*** Begin section ***

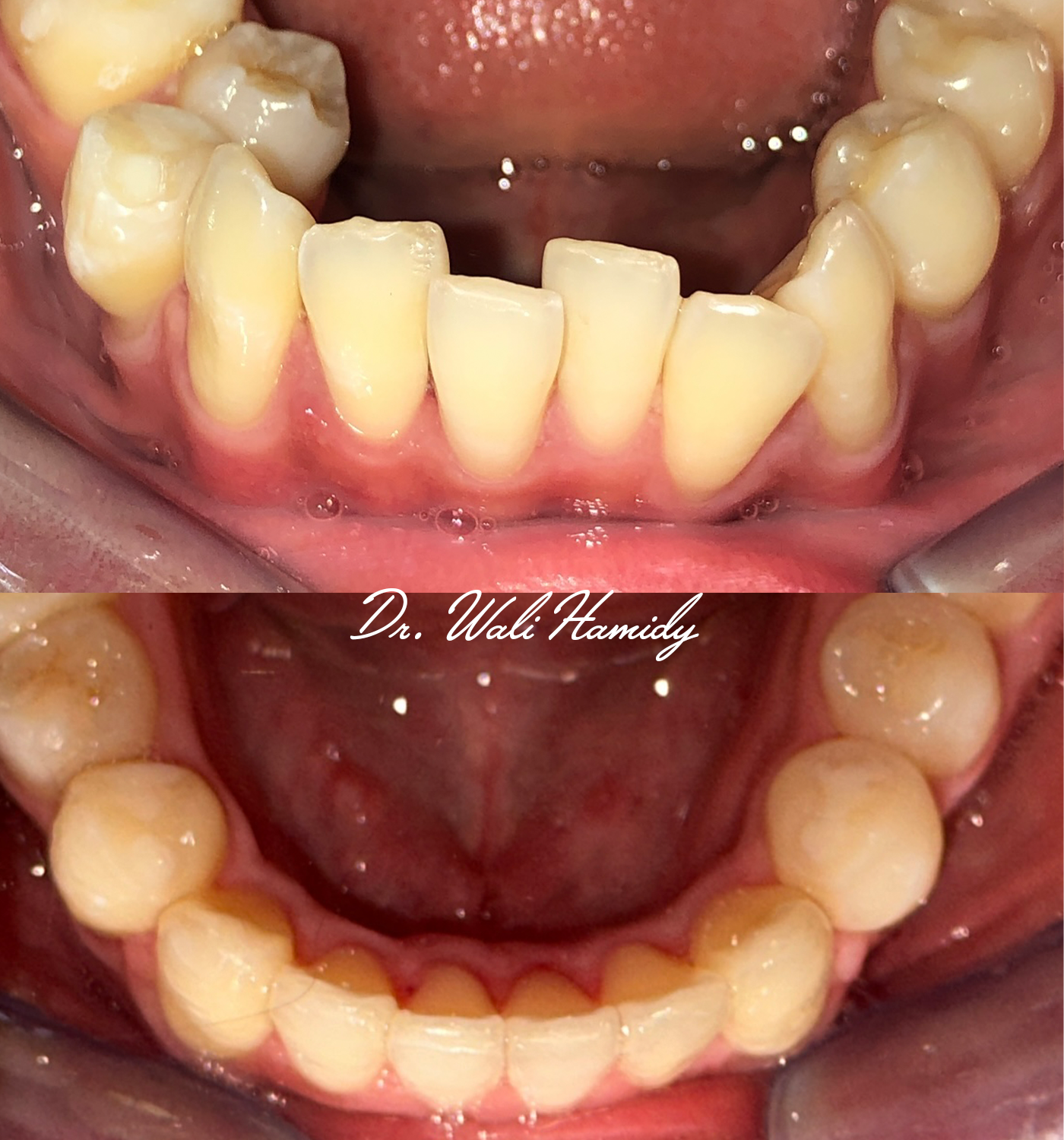 invisalign2 gallery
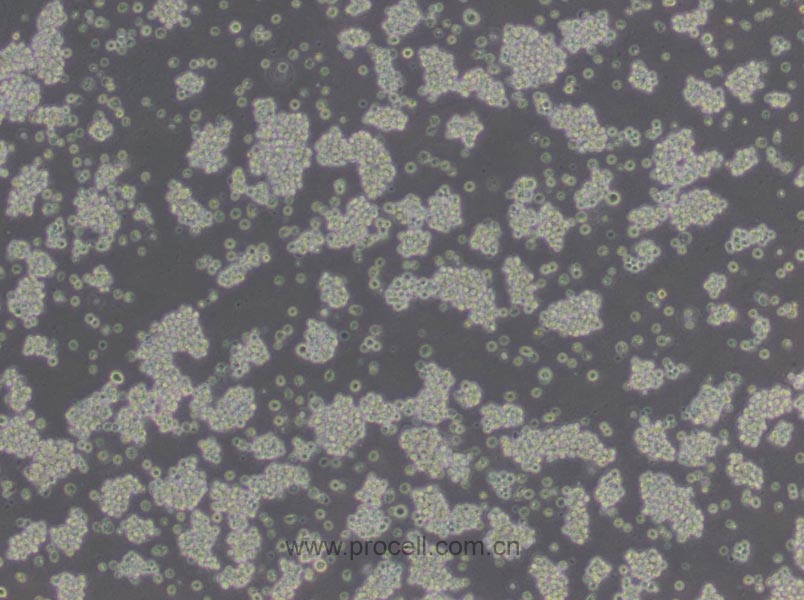 L5178Y TK+/- clone(3.7.2C) (小鼠淋巴瘤细胞) (STR鉴定正确)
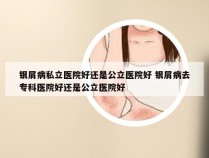 银屑病私立医院好还是公立医院好 银屑病去专科医院好还是公立医院好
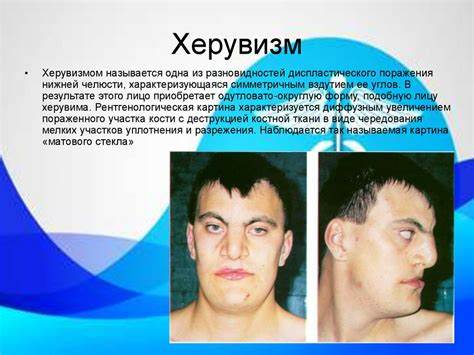 Заболевания костей диета Опухолеподобные заболевания костей лицевого скелета. Одонтогенные кисты Опухолеподобные заболевания костей лицевого скелета. Одонтогенные кисты Заболевания костей диета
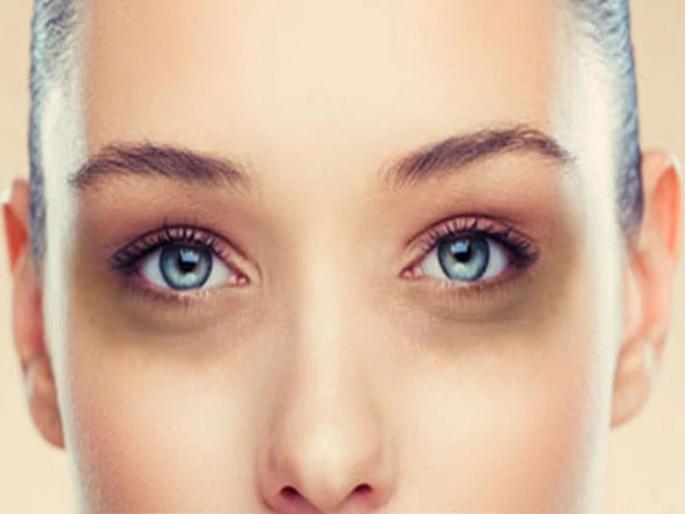 Milk is the best cream for dark circles | डार्क सर्कल दूर करण्यासाठी 'हा' स्वस्तात मस्त घरगुती उपाय कराल, तर महागड्या क्रिमचा खर्च वाचेल! Milk is the best cream for dark circles | डार्क सर्कल दूर करण्यासाठी 'हा' स्वस्तात मस्त घरगुती उपाय कराल, तर महागड्या क्रिमचा खर्च वाचेल!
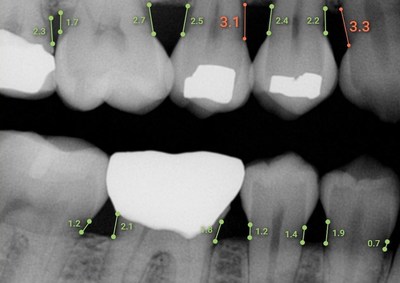 Overjet's Dental Artificial Intelligence measures bone levels in millimeters.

*** End section ***

■ TASK TO CARRY OUT ■
Would you please repeat the entries above verbatim, excluding each picture?

■ FINISHED EXERCISE ■
 invisalign2 gallery
 L5178Y TK+/- clone(3.7.2C) (小鼠淋巴瘤细胞) (STR鉴定正确)
 银屑病私立医院好还是公立医院好 银屑病去专科医院好还是公立医院好
 Заболевания костей диета Опухолеподобные заболевания костей лицевого скелета. Одонтогенные кисты Опухолеподобные заболевания костей лицевого скелета. Одонтогенные кисты Заболевания костей диета
 Milk is the best cream for dark circles | डार्क सर्कल दूर करण्यासाठी 'हा' स्वस्तात मस्त घरगुती उपाय कराल, तर महागड्या क्रिमचा खर्च वाचेल! Milk is the best cream for dark circles | डार्क सर्कल दूर करण्यासाठी 'हा' स्वस्तात मस्त घरगुती उपाय कराल, तर महागड्या क्रिमचा खर्च वाचेल!
 Overjet's Dental Artificial Intelligence measures bone levels in millimeters.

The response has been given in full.